“Les faux souvenirs n'existent pas.”
Je remercie la consultante qui me permet aujourd’hui de vous partager un bout de son ressenti de petite fille lorsque son père l’a violée, vers ses 6 ans. Je vous partage ce témoignage pour répondre aux personnes qui me disent “Mais Lucie et les faux souvenirs ? Ne peut-on pas inventer des souvenirs ?” Je vous laisse juger par vous-même si on peut inventer ce qui suit.
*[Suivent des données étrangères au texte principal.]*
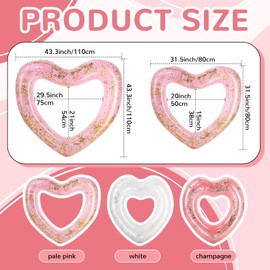 Lenwen 6 Pcs Valentine's Day Heart Pool Float, 43"/31" Inflatable Glitter Heart Floatie Tubes Heart Bachelorette Party Prop Heart Summer Swimming Ring for Wedding Betrothal Party Decor(Many Colors)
Pour rappel : une petite fille de 6 ans n’a que ses sensations corporelles pour interpréter, comprendre, ce qui lui arrive quand cela est aussi violent et incompréhensible qu’un viol, d’autant plus par son père. Voici comment ses sensations nous racontent le viol :
“Je suis morte d'un coup, il m’a tuée, ça m'a tué moi en tant qu'individu : j'avais besoin de l'amour de mon père et là je n’étais plus rien. Il a aussi tué mon corps. Il y a eu pénétration par ce truc énorme en moi. J'avais 6/7 ans, ça a tout déchiré à l'intérieur, ça a tout malaxé. Ensuite mon corps est resté mort pour ne plus jamais ressentir ça de nouveau. Ça a tout déchiré, c'est la vie qui est partie. Je ne pouvais me retenir à rien, il m'a tout aspiré, comme un grand aspirateur. Il a repris ma vie. C'est un mal horrible physiquement. Je ne sais pas comment décrire une douleur aussi atroce. On a l'impression que ça ne va jamais s'arrêter. Ça brûle, ça déchire, c'est pire que quand tu te coupes. C’est avoir un alien à l'intérieur. Tu te demandes par où ça va sortir. Je me suis dit que ça allait faire comme dans les films, que ça allait craquer la peau et sortir par d'autres endroits du corps, comme les aliens. C’est comme si on était habité, envahi. Il n'y a plus rien de moi à l'intérieur, tout est remplacé par l'horreur. Tout a été enlevé, remplacé par ce qu'il a mis, lui. Il n'a laissé que l'enveloppe. Il n'y avait pas de place pour que mes organes restent avec tout ce qu'il avait mis. Il n'y avait plus que mon petit cœur rouge qui battait, pas plus. C'est comme s'il y avait 10000 trucs à l'intérieur de moi, des trucs qui pouvaient sortir de ma peau et craquer partout. C'est comme une marre de Piranha et les piranhas ça bouffe tout et ça sort partout. Impression d'être bouffée de l'intérieur. Dans ma vie, je me suis toujours dit qu’il fallait se méfier des autres parce qu'ils peuvent te bouffer…
Ça grouille à l'intérieur, ça fait mal, ça prend la place de tous mes organes. Il n'y a plus rien de vivant en moi. Il va atteindre mon cœur. J'ai sauvegardé une petite partie de mon cœur et je l'ai emmené avec moi dans ma tête.
Comme c'était mon père, je lui faisais confiance. Un père ça protège, ça fait pas mal. Quand il a fait ça, c'est une porte qui s'ouvre sur une autre dimension, mais de l'autre côté de la porte, c'est pas la clarté, c'est que du sombre. On tombe dans le néant, dans un gouffre, dans le vide. Je me suis dit que je ne ferai plus jamais confiance à personne. Il a tué l'amour que j'avais pour lui, il a tué mon coeur. Il a remplacé tout ce que j'avais de vivant en moi, par du mort. Il ne faut pas aimer les gens, parce que si tu les aimes et qu'ils te font mal, ça fait encore plus mal justement parce que tu les aimes.”
Et voilà comment une petite fille qui a le coeur grand ouvert, peut le fermer à tout jamais….
Heureusement, soigner ce coeur blessé lui permettra de se rouvrir aux personnes adéquates.